If anyone wants to take the first steps into understanding written Greek, the Greek Alphabet is obviously the first nut to crack, I made a reference sheet for myself, and others have found helpful too. I've uploaded it here MacOCD's Greek Alphabet Sheet. It uses colours to differentiate the letters that are the same, those that look the same but sound different, and those with symbols that don't appear in the English Alphabet.

With the alphabet worked out, those symbols all around you in menus and shops start to make sense. Pronunciation is far easier than in English, you are told where the emphasis is on a word by the accent over a vowel. 

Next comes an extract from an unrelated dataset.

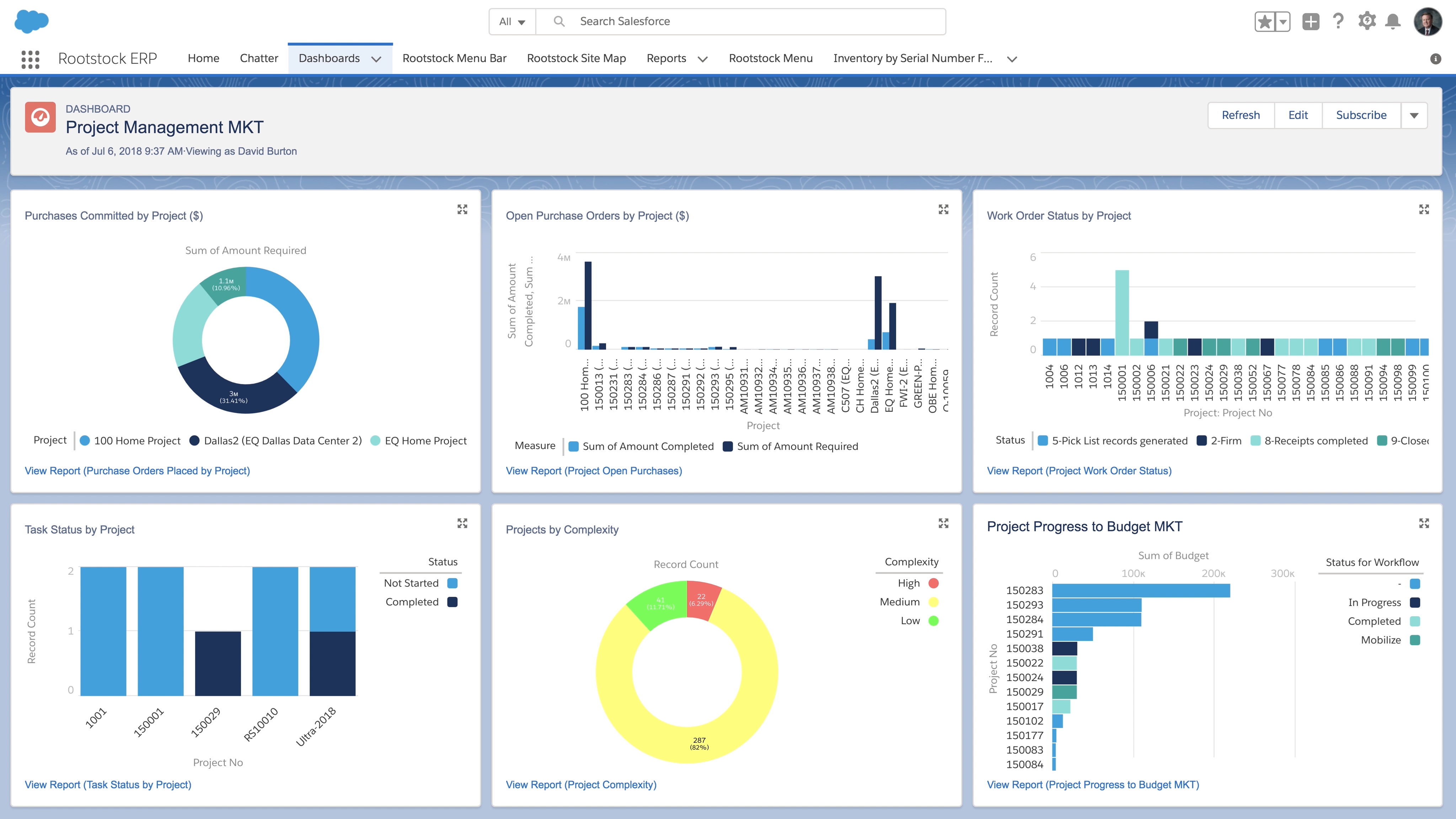 Rootstock Cloud ERP Screenshot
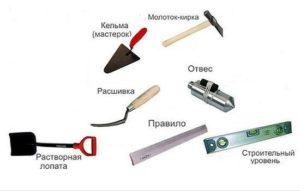 outils pour le travail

As far as the spoken word, I've also looked at a couple of "Teach Yourself Greek" CD Audiobook courses, particularly the BBC's "Get by Greek" and the Michel Thomas Method "Greek Foundation Course".

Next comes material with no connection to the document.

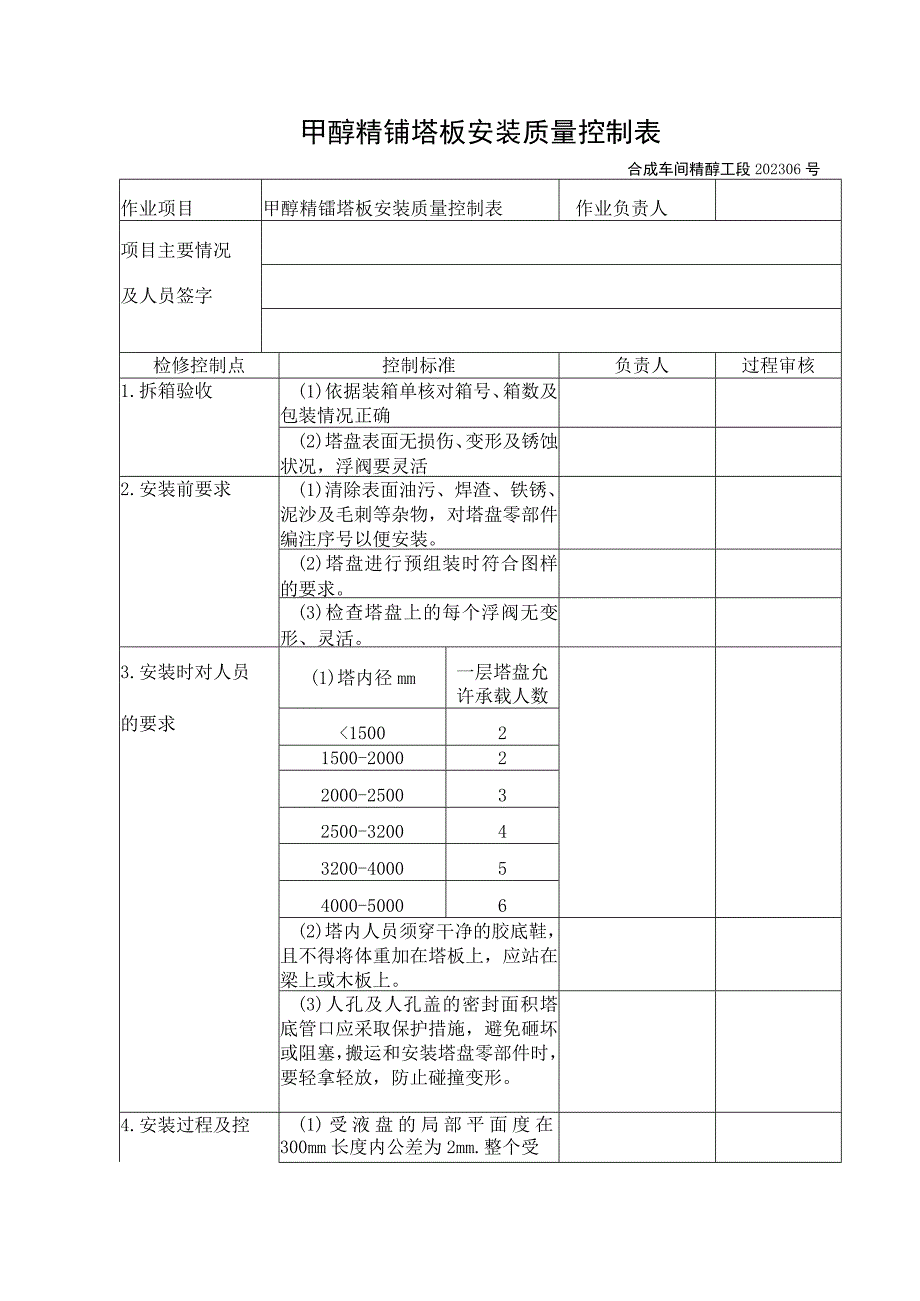 甲醇精镏塔板安装质量控制表.docx_第1页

The BBC one was OK, it comes with a really useful book, but I couldn't always make out what they were saying. The Michel Thomas Method however is excellent, the teacher, Hara Garoufalia-Middle has a wonderfully clear diction to her voice. This makes it really easy to understand what she is saying. I also like the "no writing or notes" method, it really worked for me. It's a little expensive, can get quite complex and doesn't focus very widely on vocabulary, but it's totally worth it. Best value for money Greek language learning I've experienced.

For the _Complete Beginner_ there is also the Michel Thomas Greek Introductory Course, I don't know what that's like, I found the Foundation Course to be a suitable beginning point.

Don't let the 18 words for 'the' that you have to put in the right context and gender put you off , they'll still understand you. 

Good luck,

Mark.


----------



## MacManiac (Jan 25, 2012)

Thanks for that, Mark. We both fully intend to learn as much Greek as possible, and hope the Government-sponsored courses for non-Greek speakers in Cyprus continue to be funded. I'll investigate the ideas you mention, and am really grateful for the information.


----------



## Pam n Dave (Jun 11, 2007)

We've done the Earworms and the Michelle Thomas courses plus the EU sponsored course.

They all have their good and bad points but they make a change from each other.


----------



## Uk-Scots (Jun 28, 2012)

We are moving over at the end of August with our 2 young children and been trying to learn some of the language, I have also used Earworms which I think is very good as it seems to stick with you better as also using Learn Direct online but doesn't seem to have the same impact. 
I think it is always a good idea to learn the basics as you never know when you will be in a situation that you may need it.


----------



## MacManiac (Jan 25, 2012)

Many thanks for the tip regarding the Michel Thomas course. Both Ann and I have it on iPhones and IPads and iPods at home, as a result of this thread, and I have to say it is terrific. I know we all have different learning styles but this suits us down to the ground.


----------